Effect of extreme temperature regimes and different pollinizers on the fertilization and fruit set processes in avocado
Gafni, E. (1984) Unpublished MSc Thesis, The Hebrew University of Jerusalem, Israel
Extremes of temperature during the flowering and fruit-set season are considered to be among the main factors limiting avocado productivity. In this research we studied the effect of temperature and pollen source on the fertilization processes and early fruit-set. All experiments were begun with hand pollination of either excised or intact flowers.
The effect of temperature on pollen viability
Mature pollen did not lose its viability after exposure to 0-1°C for 6-10 hours. Furthermore the viability of mature pollen kept at 0-5°C, was higher than that of pollen kept at 12-15°C. No decrease in pollen viability was found after flowering nursery trees were kept for 7 days at temperature regime of 15°C day/5°C night.
Viability of orchard pollen was found to be poor at the beginning of the 1983 flowering season. In contrast, viability of pollen produced under optimal temperature regime (in the phytotron) was high throughout the flowering season. In our opinion, the orchard pollen was damaged because it developed under the continuous cold climate of the 1983 winter.
Exposure to high temperatures (34°C or more) for several hours affected adversely the viability of mature pollen. Pollen exposed to 39-40°C lost its ability to reach the embryo sac. A scanning electron microscope study showed that high temperature caused shape distortions in the pollen grains.
The effect of temperature on the fertilization process, fruit-set and
The fertilization process and the early fruit-set were not damaged by exposure to low temperature. Even when temperature dropped to 5°C for 3-4 nights, 6-9 hours each night, no decrease was found in fruit-set of ‘Ettinger’ and ‘Fuerte’ nursery trees. No damage was found even when the cold temperature was started immediately after the pollination and lasted during the whole fertilization process. Similar observations were also obtained in orchard experiments. Therefore, in our opinion low night temperature occurring regularly in the orchard during most of the fruit-set season are not a limiting factor of avocado fertility.

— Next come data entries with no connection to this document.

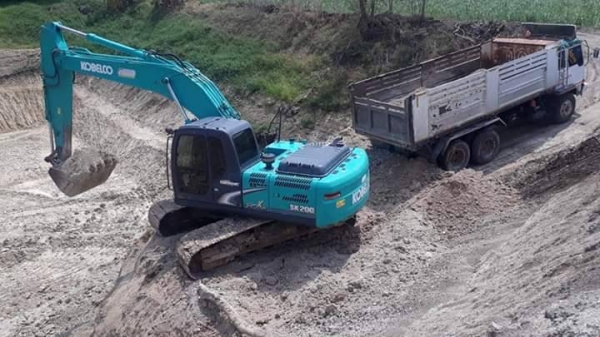 ขายKOBELCO SK200-8YN12 SUPER XM 7,300ชม.เอกสารอินวอยราคา 2,250,000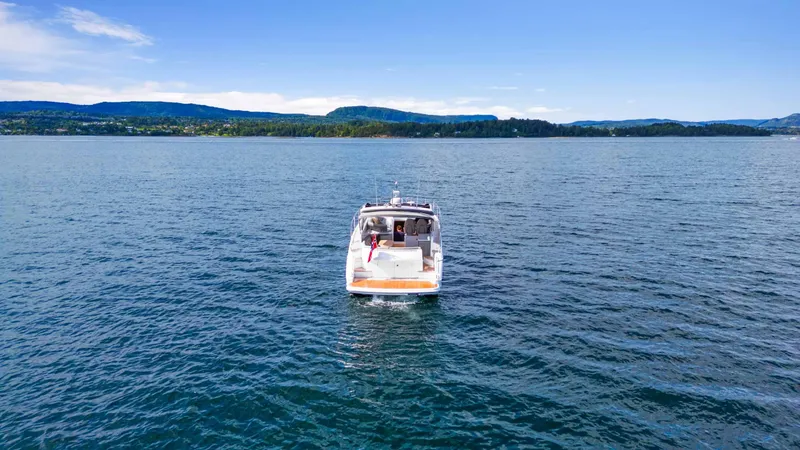 V40188 Yacht Photos Pics 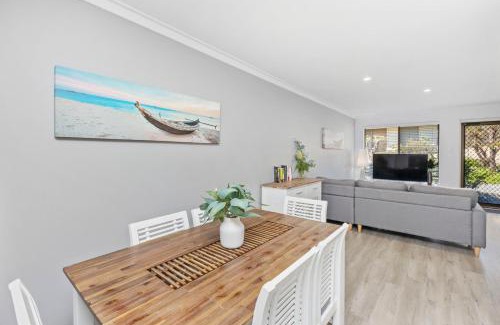 Scarborough Villa | Coastal convenience! Walk to the shops & cafes.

High temperature clearly damaged the fertilization and fruit-set processes. Temperature of 32°C day/22°C night lasting for three weeks from the day of pollination reduced fruit-set in ‘Fuerte’ nursery trees. Temperature of 38-39°C day/ 20-22°C night for 2-4 days starting at different times after pollination severely damaged the fertilization and fruit-set processes in all the varieties examined. We found that the closer the temperature stress is to the time of pollination, the more severe is its effect. It seems that the fertilization process is highly sensitive to high temperature. Different cultivars displayed different sensitivity to high temperature. In our opinion, high temperature at the time of early fruit-set is a crucial negative factor in determining avocado yield.
The effect of pollen
source on the fertilization process, fruit-set and fruitlets abscission
Pollen source was found to greatly affect the rate of fruit-set and the size of the fruitlets. ‘Ettinger’ was found to be an efficient pollinizer of ‘Fuerte’ and ‘Hass’; ‘Fuerte’ set after being pollinated with ‘Ettinger’ pollen was found even to exceed the set achieved by ‘Topa-Topa’ pollen. ‘Semil-43’ and ‘Day’ - hybrid cultivars with West-Indian “blood” - were also found to be efficient pollinizers, even under climatic conditions where other pollinizers affected poor setting. In contrast, the pollen of ‘Horshim’ and ‘Hass’ had a low set ability. As for ‘Hass’, we encountered difficulties in transferring its pollen grains to the stigma. However, besides this technical difficulty we believe that there is a problem of low viability which was particularly evident in ‘Hass’ x ‘Hass’ pollination’s. It might be due to a partial self-incompatibility mechanism. Our findings show that apparently a similar mechanism exists in ‘Ettinger’, ‘Fuerte’ and ‘Nabal’ as well. The self-incompatibility reaction occurs, in our opinion, after the fertilization process is completed.
As for the size of the fruitlets, self-pollinated ‘Fuerte’ and ‘Ettinger’ fruitlets were smaller than fruitlets of cross-pollination. ‘Fuerte’ and ‘Hass’ fruitlets, produced by ‘Ettingers’ pollen were larger than fruitlets produced by other pollinizers. ‘Semil-43’ and ‘Day’ also tended to produce relatively large fruitlets in several cultivars. These findings indicate the existence of metaxenia in young avocado fruitlets.